I have my doubts whether the Dalai Lama can really be found there – there is a token security check – but the place is far too public for such a giant political figure.
On a quirkier note, there were so many Lamas who looked like the great man it seemed that McLeodganj was holding a Dalai Lama lookalike contest.
Dharamshala and McLeodganj are picturesque. According to some, McLeodganj is called Upper Dharamshala. And that “some” included our tour manager, even though locals in McLeodganj and Bhagsu scoffed at the idea. Our tour operators (this time we did take help) had botched up the hotel booking and in order to hide their ineptitude they very rudely informed me that I was making a fuss over nothing. “I don’t understand what your problem is. McLeodganj is upper Dharamshala.” Said this Mr Lamba, our so-called tour manager. We were supposed to stay at Dharamshala, but when our car left the town and started climbing the hill, we were surprised. Already the agency had changed our plan once, without having the courtesy of informing us about it. We were supposed to stay at Mandi as a transit point, but they kept us at Bhuntar. When I asked this Lamba fellow about that, he told me not to worry. They will do what is best for us. Mandi was two hours further on the road. Bhuntar was dusty and a waste of time. So on our way to Dharamshala we had already lost two hours. But never complaint if you have booked your tour with the agency called Himachal Pradesh Helpline Tourism. They do not take complaints kindly. Before that moment they were all lovey-dovey, calling me frequently and accepting our satisfaction with grace. The moment we had a complaint they became haughty and rude and stopped calling completely. ‘Have it your own way, see if we care’ – was the new position. I, for one, will never go back to them.
The “sight-seeing” points near McLeodganj are nothing to write home (or a blog) about. If it was a quiet place allowing people to breathe, it would have been fantastic. But McLeodganj and Dharamshala during holidays or weekends are like Maithon on 26 January (some day I will tell you the tragic story of re-public day). This is where the whole of Delhi, Haryana, Punjab and northern UP converge on all possible occasions. All you see are smartly (or smartingly) dressed young people posing for selfies or groufies or engaging in some other such idiocy completely ignoring the hills. Butter chicken and butter nan are the two phrases you hear most (incidentally, I love both). There is a church (St John in the Wilderness – no wilderness anywhere around nowadays) which is like all the churches in the region.
There is a viewpoint which refused to offer us any view (but to be honest, on a clear day and if you are early Naddi would give you grand views).
The Dal Lake is a sad parody of the one in Kashmir. There are a few interesting monasteries. But Goldie, our driver from the agency, started the day so late that we never had the time to visit the place we were truly interested in – the Tantric Gyuto Monastery. Goldie was a great driver. His only fault was he did not believe in starting the day before 10 in the morning. That day we started at 1 p.m., so you can imagine how irritated we were.

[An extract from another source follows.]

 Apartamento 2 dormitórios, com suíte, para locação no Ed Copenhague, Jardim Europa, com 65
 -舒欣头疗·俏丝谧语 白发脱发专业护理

We lost precious daylight hours because of that. Not only that, the car that was provided (we had paid for a Tavera and was given an Ertiga) needed repairs three times (in a span of eight days). We had to wait once in a hotel, and twice in the car, on all occasions for hours that turned into ages.
The only saving grace of that part of the trip was the food at German Bakery, Bhagsu. We are great fans of the German Bakery. But quite surprisingly the Bhagsu Cake was better in Manali.
(’tis the season of cakes, hence…)
Dharamshala and around were good places once for people like me. They are not anymore. One has to go up to Dharamkot, or go on the fashionable trek to Triund Lake to find even a modicum of peace. Dalhousie or Khajjiar, even with their crowds, are far better places.